Tuesday, November 13, 2007



O DIA EM QUE JORGE FICOU BRAVO E RESOLVEU FALAR UMAS VERDADES.


Jorge se mudou para a cidade vizinha, que era um pouco maior que a dele, aos dezoito anos de idade, para estudar agronomia. Já no segundo ano da faculdade, aconteceram coisas que jogaram a vida dele para fora dos trilhos. Isso quer dizer que a situação piorou ainda mais, pois a vida dele já era algo parecido com um trem desgovernado.

Era um rapaz que tinha sempre os olhos caídos e cheios de raiva contida, a boca que não sorria paralisada em gesso e um rosto que parecia comum nas fotografias. Apenas nas fotografias, pois, na dinâmica da conversação, a expressão de Jorge era interpretada frequentemente como escarnecedora. A excessiva sutileza com que deixava emoções vazarem passava uma falsa idéia de indiferença. Suas falas, cujos teores quase sempre estavam em desacordo com a característica entonação serena, eram tidas como manifestações do mais irritante cinismo.

Imaginando-se provocadas, as pessoas retrucavam, mas Jorge não se deixava levar, não perdia a calma. Um de seus traços marcantes era a atitude de sempre olhar para a frente, o que incluía a recusa em voltar atrás para pedir desculpas, ou explicar que havia sido mal interpretado. Seu aparente descaso com a opinião alheia causava perplexidade. Sua personalidade era um mistério.

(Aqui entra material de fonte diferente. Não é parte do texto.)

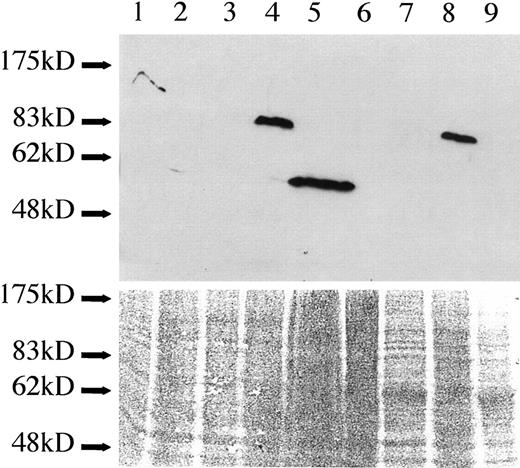 Fig. 3. Absence of FLI1 and EWS-FLI1 protein in Ad5-transformed cells on the Western blot. Lanes 1–9, EFT cell line STA-ET-2.2 (EWS exon 9/FLI1 exon 4 fusion), HEK293, EcR293, EFT cell line IARC-EW2 (EWS exon 7/FLI exon 5 fusion), ALL cell line MOLT(expressing germ-line FLI1), neuroblastoma cell line Vi856, HER911, EFT cell line VH64 (EWS exon 7/FLI1 exon 5 fusion), and HER-RIC.c4. The lower panel of the figure presents Ponceau S staining of the Western blot as a loading control.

Morava em uma pensão com mais seis estudantes e não era muito apreciado por lá. Nunca destratou ninguém, mas também não se esforçou em fazer amigos, o que levou todo mundo a pensar que ele era um daqueles cuzões que se achavam superiores. Todos com exceção de Matheus, que era alguém que ele poderia chamar de amigo. Faziam comentários atravessados, que foram se tornando cada vez mais altos e indiscretos, como que implorando por uma reação. Eles precisavam saber, Jorge era amigo ou inimigo? O que será que ele pensava sobre eles? Mas nada, ele apenas falava o essencial e passava a maior parte do tempo estudando e assistindo a aulas. Não freqüentava as festas e, ao que parecia, não corria atrás das meninas dos outros cursos que pintavam por lá.

No segundo ano, Jorge já havia se consagrado como homem sério e estudioso. Parecia ser bem mais velho. A última semana de provas estava prestes a começar, e Jorge se dirigia à pensão, com a ansiedade que sempre o atacava nestes tempos. A preocupação com as notas era uma das únicas vulnerabilidades que deixava transparecer, e isto conquistava a simpatia de alguns professores, ao mesmo tempo em que piorava sua reputação. Assim que chegou em frente ao prédio, encontrou um cara sentado próximo à porta com um violão. Era uma rodinha com dois homens e três mulheres, que Jorge não conhecia. Para falar a verdade, ele estava pouco se lixando para quem eram, a única coisa que fez com que parasse para lhes dar atenção foi o barulho que faziam:

“Bléin!

Eu prefiro SEEeeer!
Essa metamorfose ambulante!
Eu prefiro SEEer!

Bléin, bléin!”

“Pessoal, eu preciso estudar, vamos parar com o barulho, por favor”, pediu Jorge.

Os jovens sentados o olharam cheios de surpresa e extremamente incomodados com aquela audácia. “Não é possível”, seus olhos diziam, “que cara mais cabaço, ah, faça-me um favor, vai pra puta que o pariu, colega!” Mas nenhuma dessas palavras foi realmente conduzida pelo ar, apenas transitaram pelas ondas do pensamento de cada um. Sempre tem o cara que é muito bom em tomar a iniciativa em situações como esta, mas que não é bom em nenhuma outra coisa. Paulinho Roberto levantou-se com o violão e disse: “Vamos gente, vamos deixar o cara ESTUDAR” e arrastou todas as letras da palavra, enquanto entortava os olhos e fingia afetação, em raro momento de canastrice exacerbada. Deu socos com força no ombro direito de Jorge e disse: “Manda ver amigo, tira um DEZ aí pra gente!” e foram-se. Jorge ainda escutou os risinhos de uma das meninas e o outro cara falando: “Ele vai é bater punheta. Pode apostar que vai”.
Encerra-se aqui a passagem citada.